Page last updated at 07:27 GMT, Sunday, 13 April 2008 08:27 UK

Brown supports 'Armed Forces Day'

British soldier
91 British troops have lost their lives in Afghanistan since 2001

Britain is to hold an Armed Forces Day to allow the public to show their support and respect for the military, Gordon Brown has suggested.

In a letter seen by the Sunday Telegraph, the prime minister signals that plans are being drawn up for "a special day of celebration".

Leading football clubs are expected to be called on to host parades by troops.

A study by Labour MP Quentin Davies into how the country can celebrate the military is to be published shortly.

Mr Brown has not yet spoken publicly about his support of an Armed Forces Day.
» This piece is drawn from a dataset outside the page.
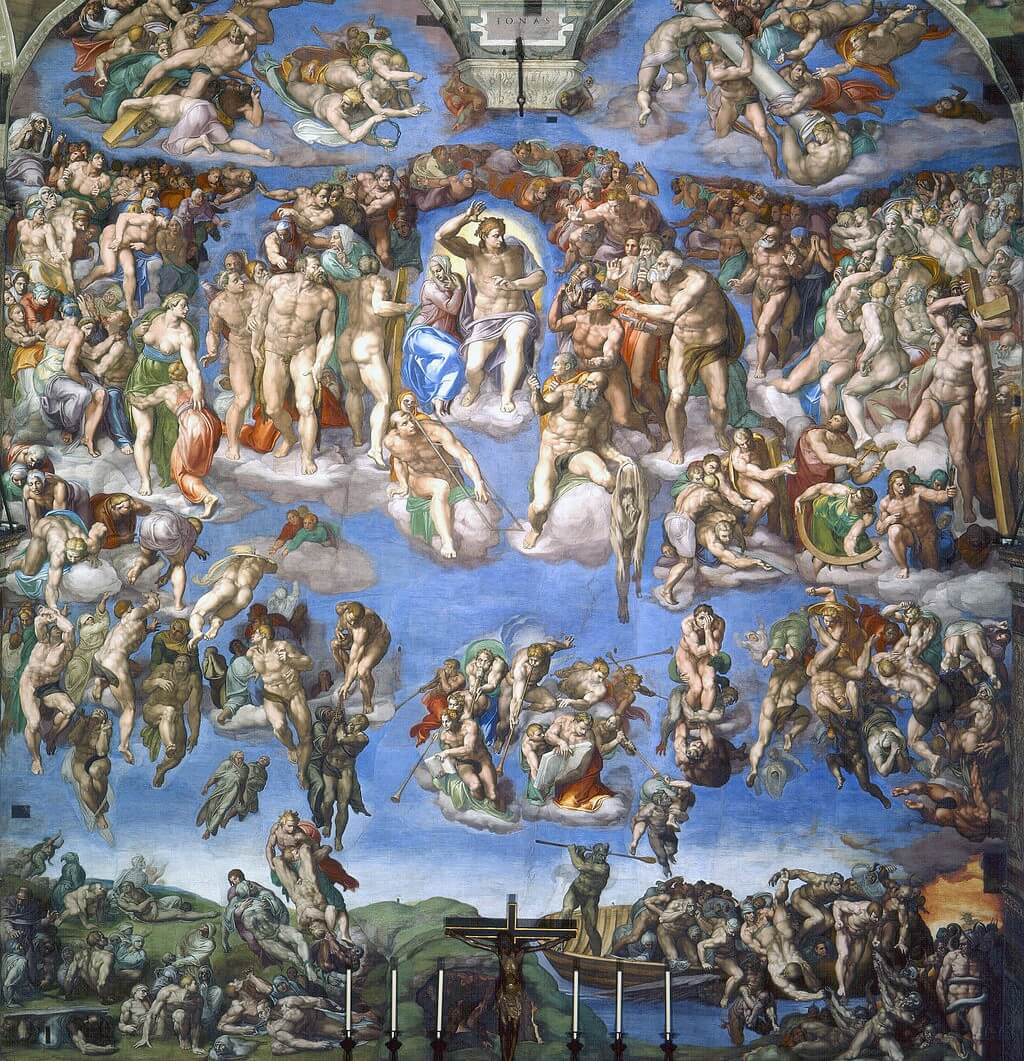 Photograph of Michelangelo's Last Judgment fresco.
However, in his letter to Richard Scudamore, chief executive of the premier league, he said he was looking forward to discussing how football clubs could "play their part".

'Strengthening bonds'

He wrote that a parade of honour at Aston Villa's ground last season by returning troops was "an excellent example of how football clubs and their fans can show their appreciation for the service of our armed forces".
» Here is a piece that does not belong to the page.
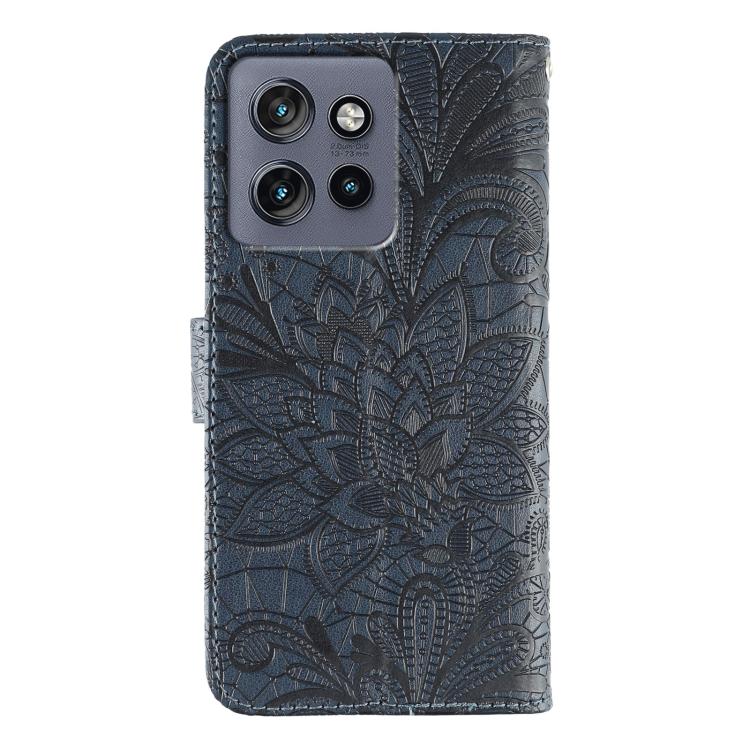 For Motorola Edge 50 Neo Lace Flower Embossing Flip Leather Phone Case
"As we take forward our plans for a special day of celebration for the armed forces, I look forward to working with you to see how the premier league can play its part," he added.

The idea for such a day has already won support from senior military commanders and some families of service personnel killed in war.
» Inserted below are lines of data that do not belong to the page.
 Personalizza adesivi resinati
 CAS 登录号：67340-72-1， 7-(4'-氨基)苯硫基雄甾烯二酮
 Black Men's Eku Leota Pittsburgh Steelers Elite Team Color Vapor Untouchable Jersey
Writing in the Telegraph last month, Defence Secretary Des Browne said many people in Britain, especially the younger generations, were unaware what the forces actually do or how brave and dedicated they were.

He added that while it was unclear how the relationship between the public and the armed forces should be consolidated, there was a need for "some mechanism to help strengthen the bond".

Sacrifices

A Downing Street spokesman said: "The prime minister and Des Browne think it's a good idea to recognise the armed forces."

He said Mr Davies' review was expected to published in the next few weeks.

Last year, Gen Sir Richard Dannatt, the head of the Army, expressed concerns about a "growing gulf between the Army and the nation".

He suggested that work carried out by troops - and the sacrifices that form an integral part of their job - were not being acknowledged.

To date, 176 UK troops have been killed in operations in Iraq, and a further 91 have lost their lives in operations in Afghanistan since 2001.